Tuesday, September 25, 2012

Case-Shiller: Denver home prices grow at highest rate since Janaury 2002

Case-Shiller released its home price index for July 2012 today. The home price index for the Denver area rose 1.3 percent percent from June to July, and rose 5.4 percent, year over year, from July 2011 to July 2012.  The year-over-year increase in July was the seventh year-over-year increase in a row for Denver, and was the largest increase since January 2002. The first graph shows the index values since 2001. The index value is at the highest value seen since November 2007.

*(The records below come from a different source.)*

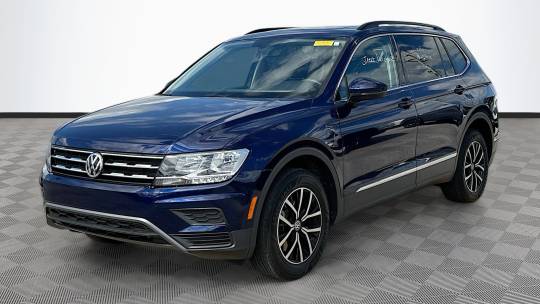 2021 Volkswagen Tiguan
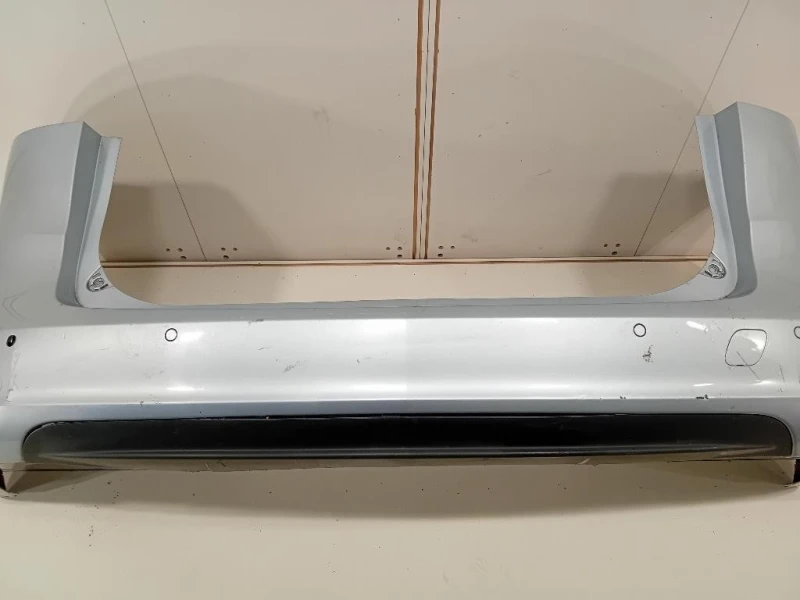 Paraurti POST 13354138 Opel Zafira C 2012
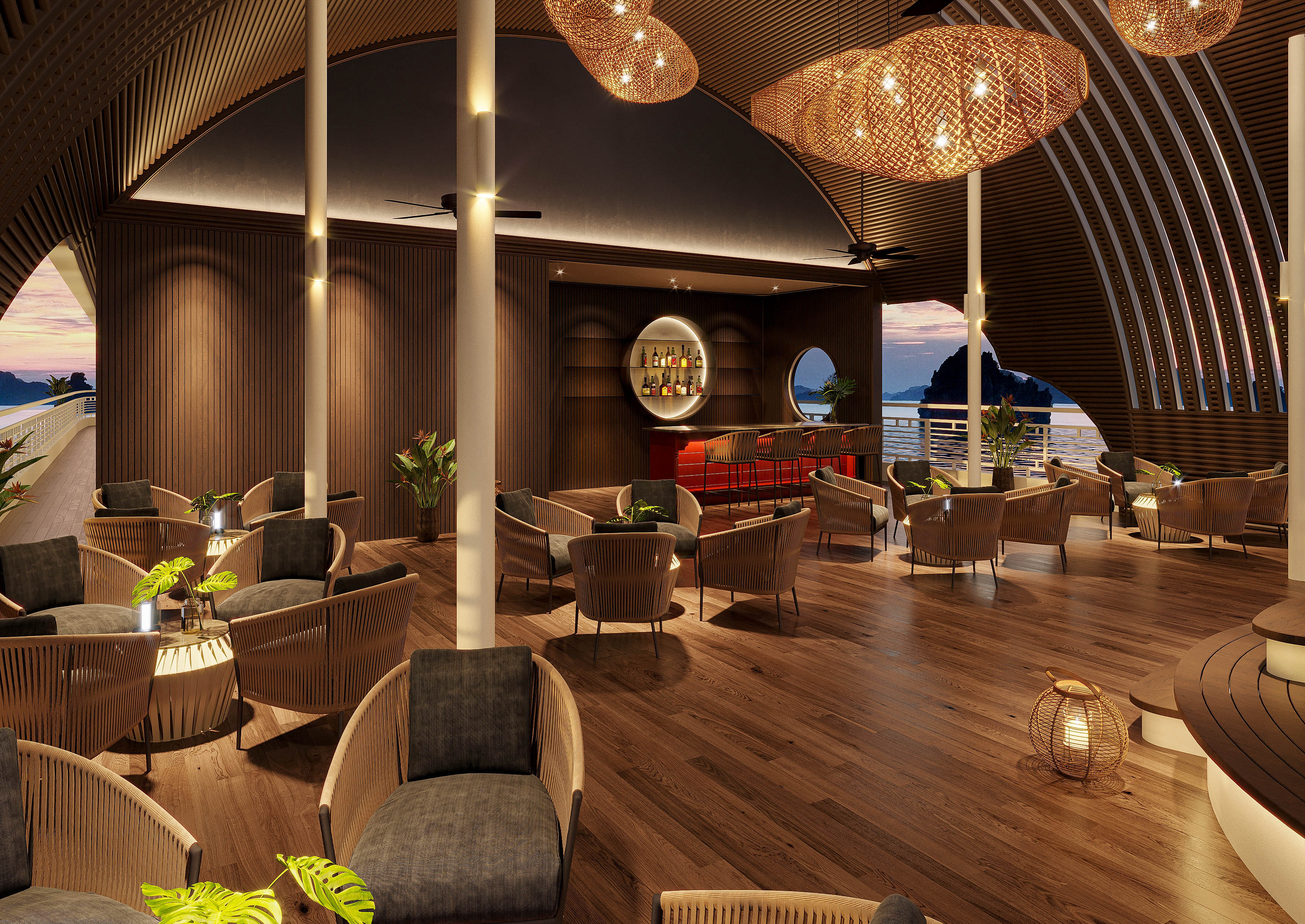 Lounge Spaces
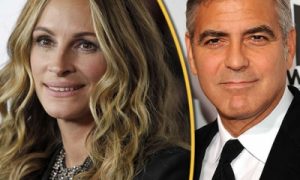 Julia Roberts a George Clooney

 According to S&P's press release, home prices nationwide continued to show some signs of growth:
“Home prices increased again in July,” says David M. Blitzer, Chairman of the Index Committee at S&P Dow Jones Indices. “All 20 cities and both Composites were up on the month for the third time in a row. Even better, 16 of the 20 cities and both Composites rose over the last year. Atlanta remains the weakest city but managed to
cut the annual loss to just under 10%.

“The news on home prices in this report confirm recent good news about housing. Single family housing starts are well ahead of last year’s pace, existing home sales are up, the inventory of homes for sale is down and foreclosure activity is slowing. All in all, we are more optimistic about housing. Upbeat trends continue. For the third time in a row, all 20 cities and both Composites had monthly gains.
In year-over-year comparisons for July, four out of 20 cities showed year-over-year declines in the home price index.  Atlanta showed the largest drop by far, with a decline of 9.9 percent, while the index in New York fell 2.6 percent. Denver was among the sixteen cities reporting increases, and had the fourth-largest increase of the twenty cities. Only Detroit, Phoenix, and Minneapolis reported larger year-over-year increases in the home price index than Denver.

The second chart shows trends in the Case-Shiller index for the Denver area and for the 20-city composite index. It is clear that Denver did not experience the kind of price bubble that occurred in many other metropolitan areas, and consequently, the index has not fallen nearly as far in Denver compared to the larger composite.

The 20-city composite is down 30 percent since it peaked in July 2006, but the Denver index is down only 5.3 percent from its August 2006 peak.

The third chart compares year-over-year changes in the Denver area index and in the 20-city composite. Overall, the index has been less volatile in Denver than has been the case for the 20-city composite. The year-over-year change in the 20-city composite during June turned positive for the second time in 22 months with an increase of 1.2 percent while Denver reported an increase of 5.4 percent.

In short: Denver metro home prices have shown a much stronger growth trend than the 20-city composite.

The last chart provides a closer look at year-over-year changes in the Denver index. The index went negative as the economy began to slow in 2007 and remained negative until this year with the exception of the period in which the homebuyer tax credit pushed up prices temporarily. Recent home price growth is accelerating as inventory declines, household formation continues, and rental housing continues to become more expensive.